The Comprehensive Center for Congenital Adrenal Hyperplasia, Institute for Pediatric Urology, Komansky Center for Children's Health, Department of Urology, New York-Presbyterian Hospital/Weill Cornell Medicine, New York, New York.
Division of Medical Genetics, Department of Pediatrics, New York-Presbyterian Hospital/Weill Cornell Medicine, New York, New York.
Ann N Y Acad Sci. 2017 Aug;1402(1):56-63. doi: 10.1111/nyas.13370. Epub 2017 Jun 22.
Mutations of CYP21A2 variably decrease 21-hydroxylase activity and result in a spectrum of disease expressions in patients with congenital adrenal hyperplasia (CAH). We examined the association between CYP21A2 mutations and virilization (Prader score) in females with CAH. The study population included 187 CAH females with fully characterized CYP21A2 mutations. One hundred fifty-eight patients were sorted into groups by expected enzyme activity (percent of normal activity) of the less severely affected allele: (A) null, 0%; (B) I2G, 1%; (C) I172N, 2%; and (D) V281L, >2%. We observed an inverse relationship between virilization and residual enzyme activity (P < 0.001). Subjects in group A or B had a significantly higher likelihood (unadjusted odds ratio: 16; P < 0.001) of developing severe virilization compared with those in group C. Surprisingly, 24% of group D patients, whose mutation is usually associated with nonclassical (NC) CAH, had severe virilization. Among subjects with the NC P30L mutation, 66% expressed unexpected virilization. Virilization, usually leading to extensive reconstructive surgery, is highly likely in patients with null or I2G mutations; however, NC mutations (P30L/V281L) may also lead to unexpected virilization. These findings have implications for prenatal counseling and highlight the need for additional investigations into other factors that influence virilization in CAH.

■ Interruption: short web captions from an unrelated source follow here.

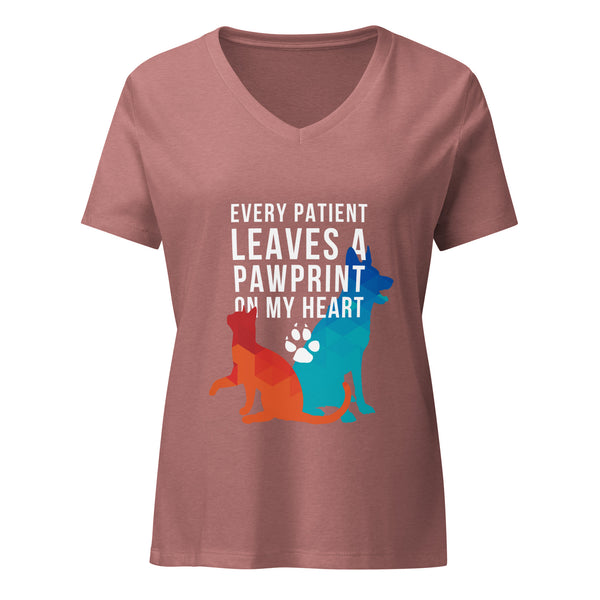 Every patients leaves a pawprint on my heart Women's V-neck T-Shirt-I love Veterinary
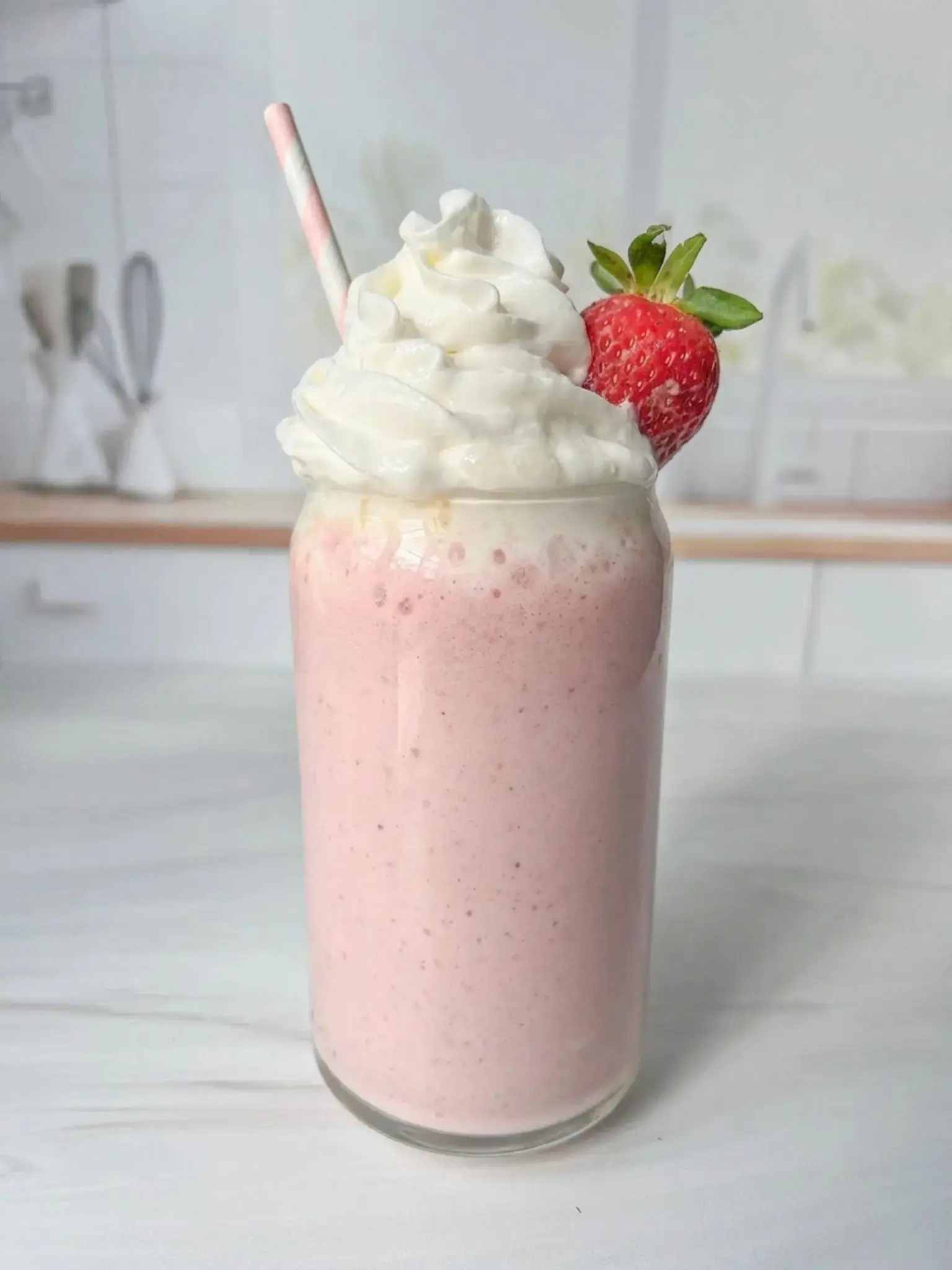 Strawberry Protein Shake Recipe For Post-Workout Recovery 16 Strawberry Protein Shake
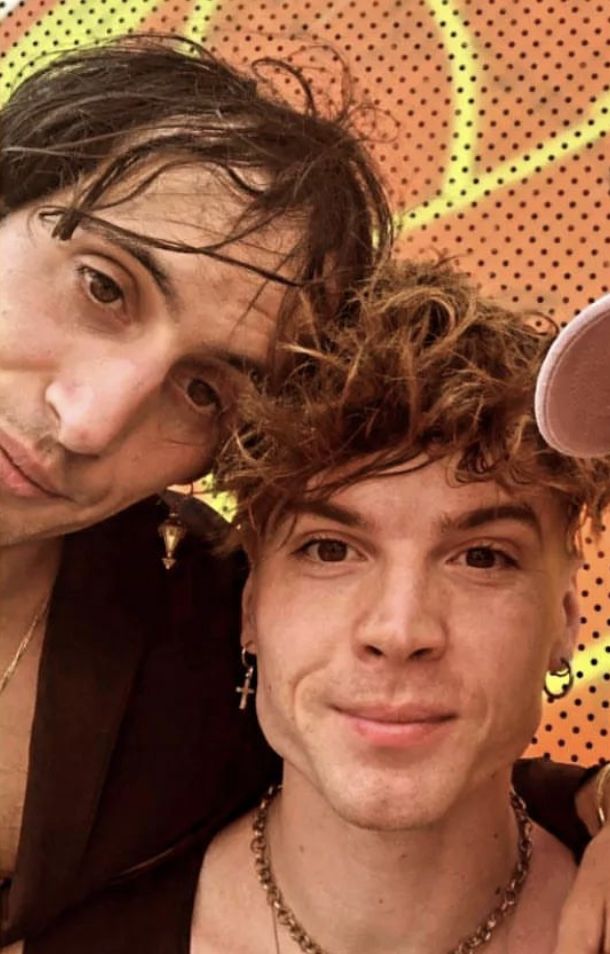 Ren Gill, 29.03.1990 | Haircuts for men, Handsome men, Poses - How Tall Is Ren Gill? Viral Musician's Height Revealed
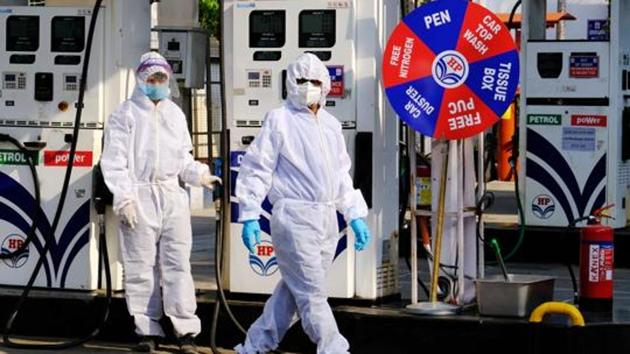 Employees wear personal protective equipment (PPE) at a Hindustan Petroleum Corp. gas station during a lockdown imposed due to the coronavirus in New Delhi.(Bloomberg Photo) Employees wear personal protective equipment (PPE) at a Hindustan Petroleum Corp. gas station during a lockdown imposed due to the coronavirus in New Delhi.(Bloomberg Photo)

CYP21A2 突变可不同程度地降低 21-羟化酶的活性,导致先天性肾上腺皮质增生症(CAH)患者出现一系列疾病表现。我们研究了 CYP21A2 突变与 CAH 女性患者的男性化(Prader 评分)之间的关系。研究人群包括 187 名具有完全特征性 CYP21A2 突变的 CAH 女性患者。158 名患者根据受影响较轻等位基因的预期酶活性(正常活性的百分比)分为以下几组:(A)无功能,0%;(B)I2G,1%;(C)I172N,2%;和(D)V281L,>2%。我们观察到男性化与残留酶活性之间呈负相关(P<0.001)。与 C 组相比,A 组或 B 组的患者发生严重男性化的可能性显著更高(未经调整的优势比:16;P<0.001)。令人惊讶的是,24%的 D 组患者,其突变通常与非经典(NC)CAH 相关,发生严重男性化。在具有 NC P30L 突变的患者中,66%表现出意外的男性化。男性化通常导致广泛的重建手术,在无功能或 I2G 突变的患者中极有可能发生;然而,NC 突变(P30L/V281L)也可能导致意外的男性化。这些发现对产前咨询具有重要意义,并强调需要进一步研究影响 CAH 男性化的其他因素。